Top of DATASET ENTRIES

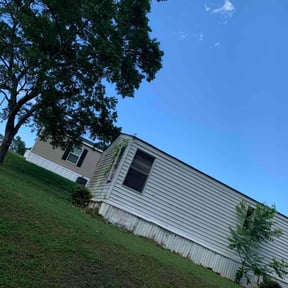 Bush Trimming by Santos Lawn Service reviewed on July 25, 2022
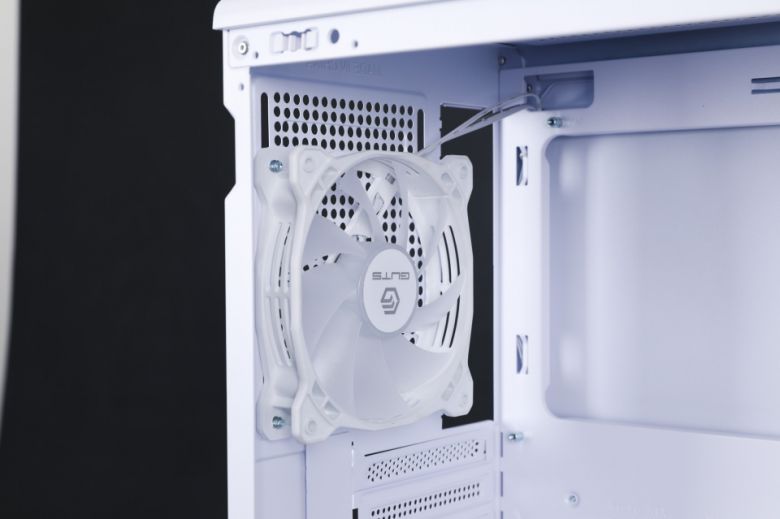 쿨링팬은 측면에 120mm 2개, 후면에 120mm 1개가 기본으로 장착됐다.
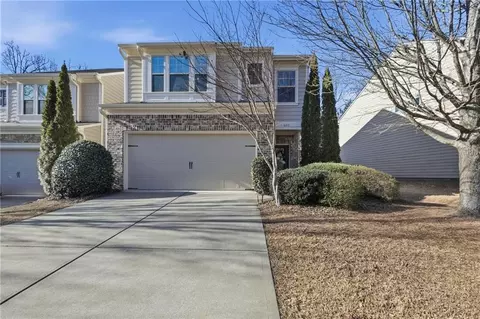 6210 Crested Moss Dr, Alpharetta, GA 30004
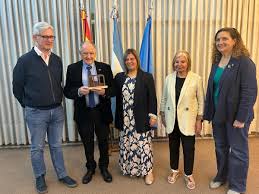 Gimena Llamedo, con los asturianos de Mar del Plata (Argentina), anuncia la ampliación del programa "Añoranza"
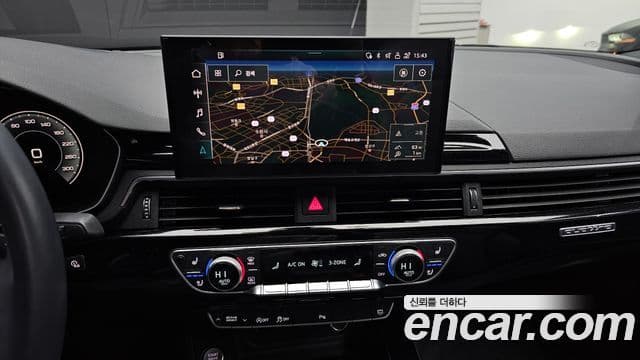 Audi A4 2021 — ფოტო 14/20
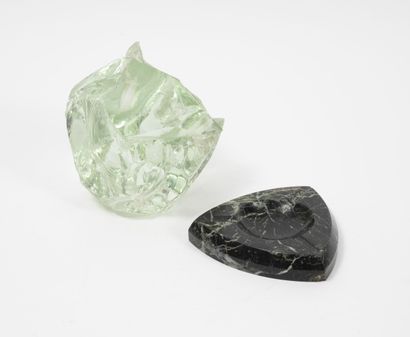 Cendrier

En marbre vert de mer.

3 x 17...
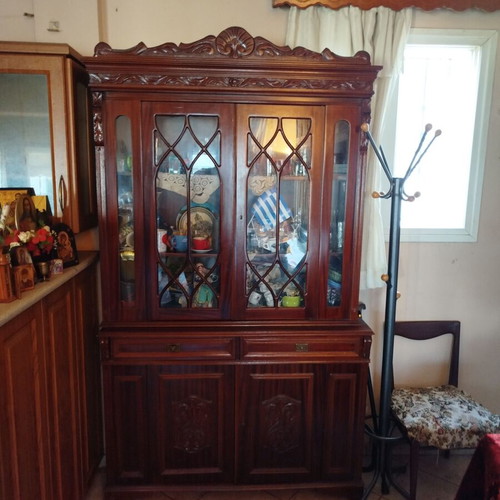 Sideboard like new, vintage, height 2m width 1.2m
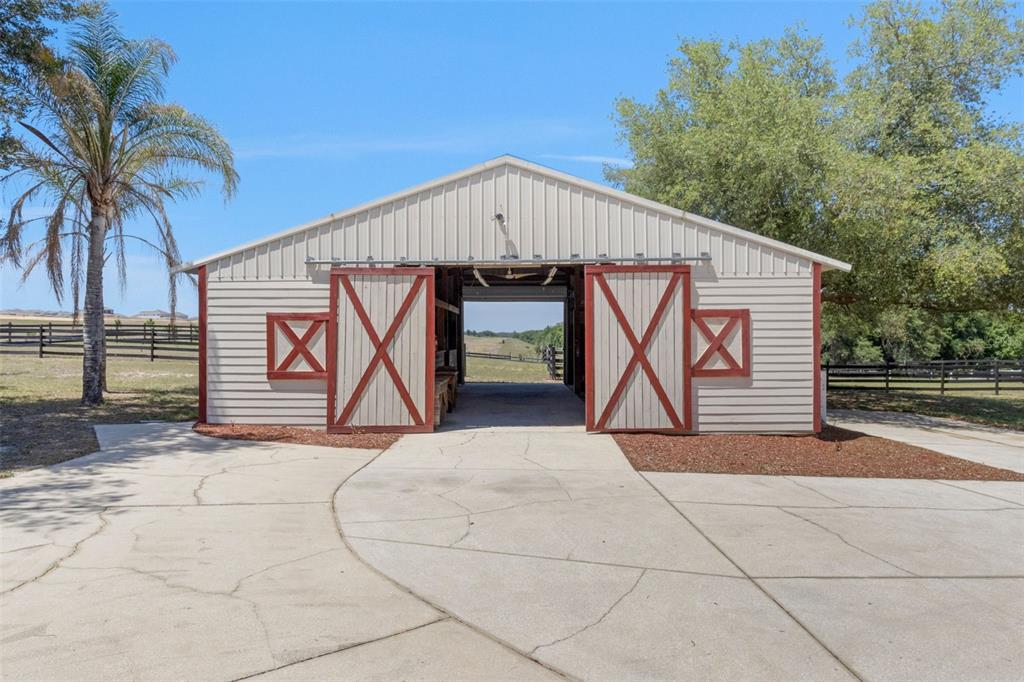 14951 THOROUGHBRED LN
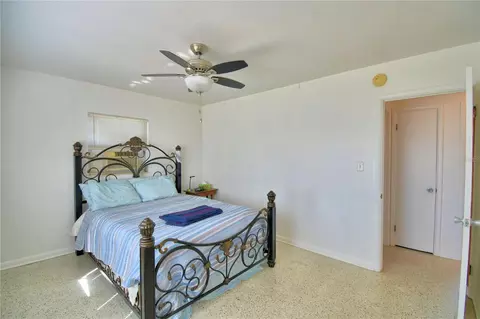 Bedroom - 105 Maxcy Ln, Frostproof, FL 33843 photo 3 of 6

Bottom of DATASET ENTRIES

* TASK INSTRUCTIONS: Write out all of the data above exactly, without any of its pictures.

* TASK OUTPUT:
 Bush Trimming by Santos Lawn Service reviewed on July 25, 2022
 쿨링팬은 측면에 120mm 2개, 후면에 120mm 1개가 기본으로 장착됐다.
 6210 Crested Moss Dr, Alpharetta, GA 30004
 Gimena Llamedo, con los asturianos de Mar del Plata (Argentina), anuncia la ampliación del programa "Añoranza"
 Audi A4 2021 — ფოტო 14/20
 Cendrier

En marbre vert de mer.

3 x 17...
 Sideboard like new, vintage, height 2m width 1.2m
 14951 THOROUGHBRED LN
 Bedroom - 105 Maxcy Ln, Frostproof, FL 33843 photo 3 of 6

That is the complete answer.